Sampel skuama didapatkan dengan cara penggoresan pada kulit pasien
menggunakan skalpel steril. Pada kasus kuku, sampel diambil dari bagian
subungual. Merode yang digunakan saat ini adalah mikroskopi dan kultur in vitro
serta indentifikasi morfologi dari jamur.

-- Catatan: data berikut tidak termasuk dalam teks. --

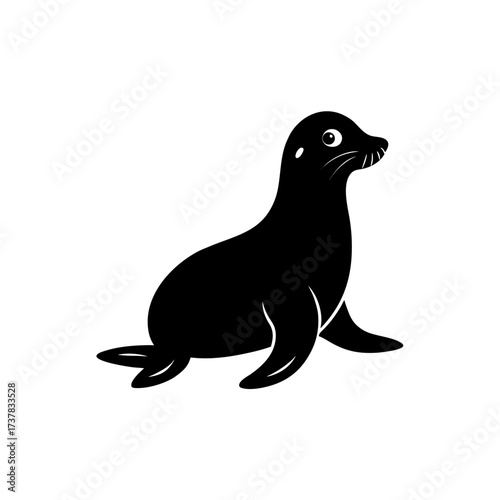Silhouette of a seal sitting upright cute on transparent background
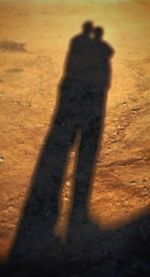 Shadow of person on wall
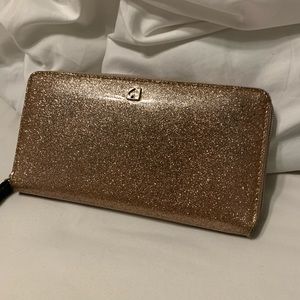 Kate Spade pink gold glitter wallet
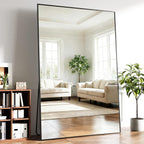 Full Length Mirror, 77"x38" Large Floor Mirror with Stand, Tall Full Body Mirrors for Bedroom, Hanging Mounted for Living Room Cloakroom, Aluminum Alloy Frame, Black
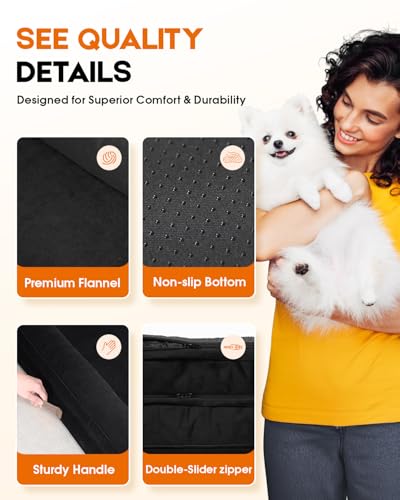 Upvilla Orthopedic Dog Bed XL, Four-Sided Cushioned Egg-Shaped Foam Dog Sofa, Waterproof Removable Cover, Pet Sofa Bed with Non-Slip Base, Extra Large Dog Bed,Black - color: Black, size: 46"L x 30"W x 7.5"Th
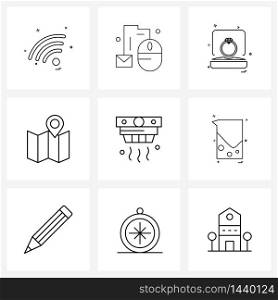 Pixel Perfect Set of 9 Vector Line Icons such as jug, smoke, ring, detector, location Vector Illustration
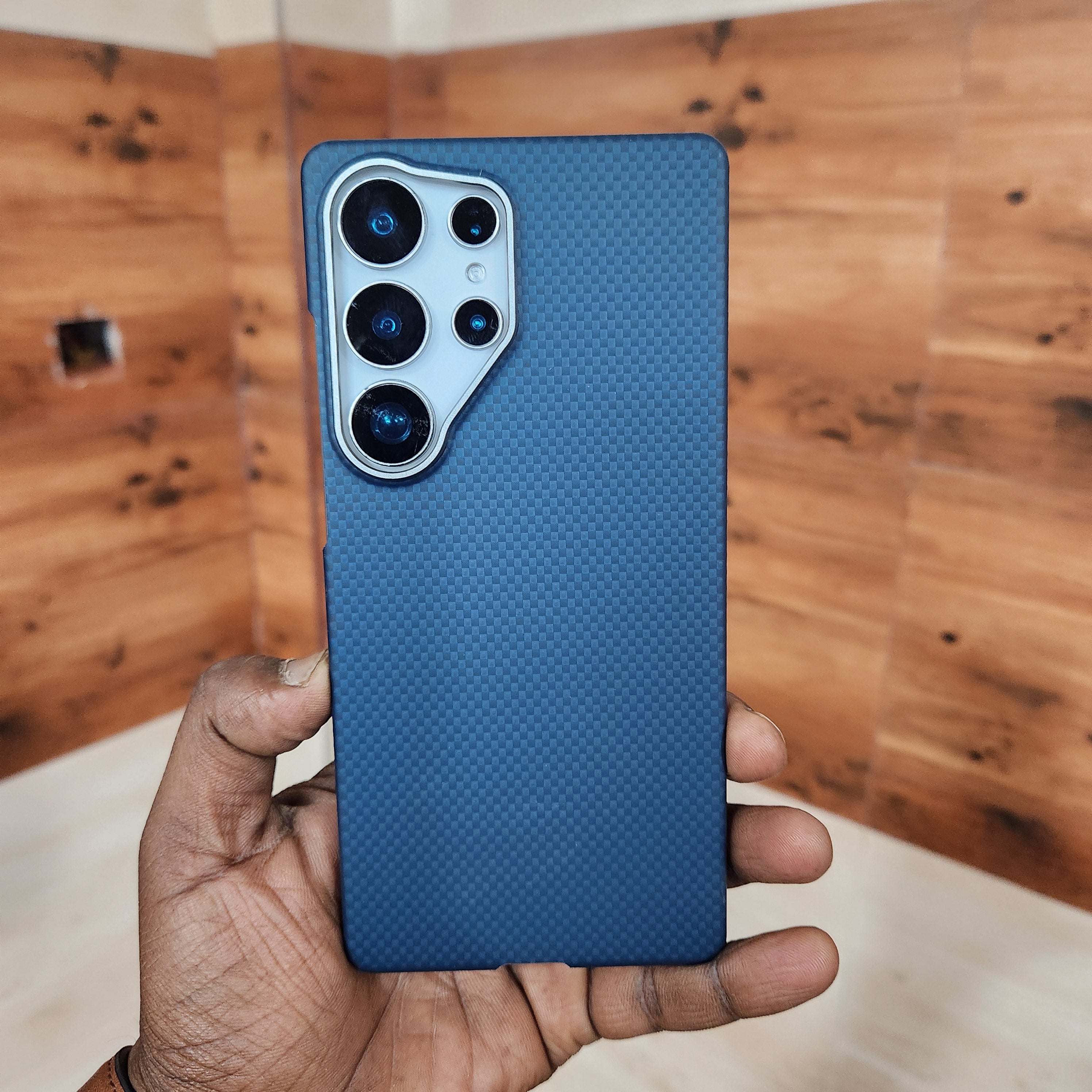 Samsung Galaxy S25 Ultra X-Level Ultathin 0.5mm Carbon Fiber Pattern Case with Magsafe - Blue Mobile Case by CoverMeUp - Style 4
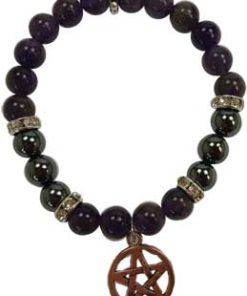 8mm Amethyst- Hematite With Pentagram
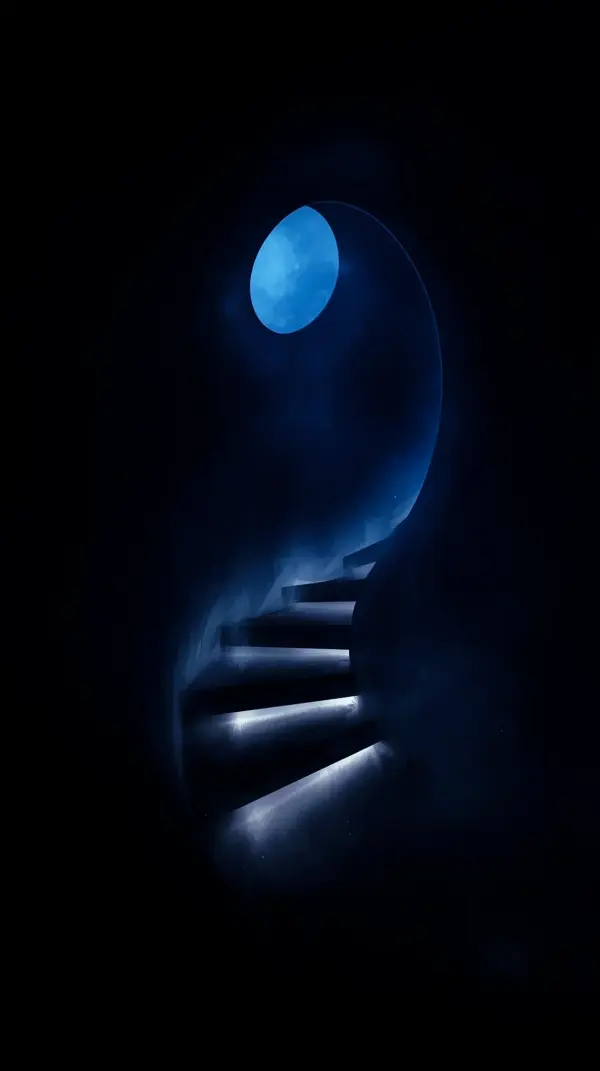Wallpaper dark anime — glowing blue spiral steps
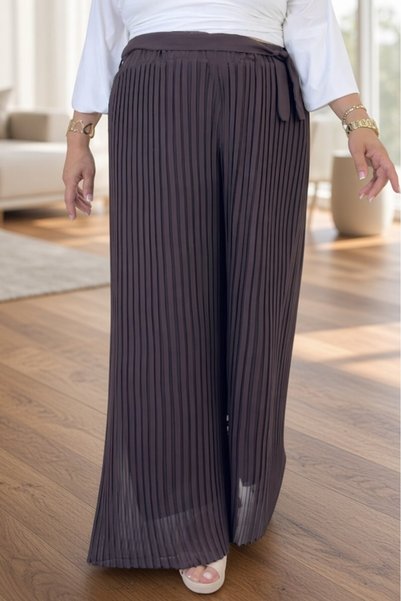 yagmurberen FUSTĂ-PANTALON DIN ȘIFON CU TALIE ELASTICĂ, DETALIU CUREA LA TALI...
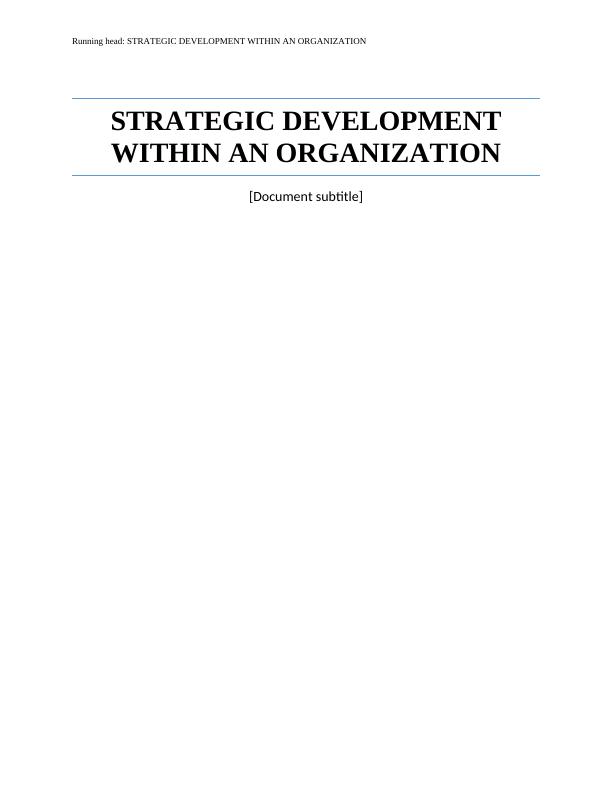 Business Strategy of an Organization Assignment_1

Semua sampel awalnya diamati menggunakan mikroskop dengan KOH 20%
kemudian diinkubasi pada suhu 27˚C selama 4 minggu dengan cara menyebarkan
sampel di atas Sabouraud Dextrose agar dengan kloramfenikol dan Sabouraud
dengan kloramfenikol-cycloheximide. PCR dilakukan pada colume reaksi total 50
µl terdiri atas 1 x reaksi buffer, 200 µM dNTP, 0,5 µM setiap primer, 2 U Taq
Polimerase dan Milli-Q water. Protokol PCR terdiri dari langkah denaturasi awal 2
menit pada suhu 95˚C diikuti 35 siklus selama 1 menit pada suhu 95˚C, 1 menit
pada suhu 55˚C, dan 2 menit pada suhu 72˚C. Setelah itu, elongasi akhir pada suhu
72˚C selama 7 menit untuk menghindari adenilasi. Diagnosis dari setiap sampel
dikombinasikan dari teknik pemeriksaan yang disebutkan di atas : (1) pengamatan
mikroskop dengan KOH 20%, (2) karakteristik makro dan mikro dari kultur, dan
(3) pengamatan pada are 18S rRNA
Pada penelitian ini, total 626 sampel diantaranya adalah 440 sampel kuku
kaki, 83 kuku tangan, 70 skuama dari kaki, 20 skuama dari tangan, dan 13 rambut
dianalisa dengan 3 metode yang disebutkan pada sesi sebelumnya. Dari semua
sampel, 211 (34%) menghasilkan diagnosis positif melalui salah satu metode yang
dilakukan. Dalam sampel positif, 47 dari 211 (22,3%) menampilkan kecocokkan di
antara ketiga metode identifikasi yang dilakukan di sini. Sisa dari sampel, yaitu,
164 dari 211, (77,7%), tidak menunjukkan kecocokan di antara tiga metode yang
berbeda yang dilakukan dalam penelitian ini. Ditemukan bahwa semakin banyak
hasil positif dengan tiga metode pengidentifikasi yang berhubungan dengan sampel
kuku jari kaki (33/47); Namun, kuku tangan hanya mewakili 10/47 dari sampel
positif pada tiga metode yang dilakukan. Ada kesesuaian antara spesies yang
ditemukan dalam kultur dan PCR; Namun, itu tidak terjadi dalam kasus spesies
Candida di mana kita bisa melihat perbedaan pada tingkat subspesies
Metode PCR ini telah dikonfirmasi sebagai metode komplementer, cepat, dan
efektif dalam diagnosis mycoses superfisial. Selain itu, mengurangi waktu untuk
mendapatkan hasil yang memuaskan dari 4 minggu menjadi 7 jam. Namun,
kelemahan utama dari metode ini adalah bahwa diperlukan kuantitas DNA yang
tinggi. Oleh karena itudisarankan mengumpulkan cukup banyak sampel dalam
setiap kasus untuk memastikan keberhasilan diagnosis secara langsung.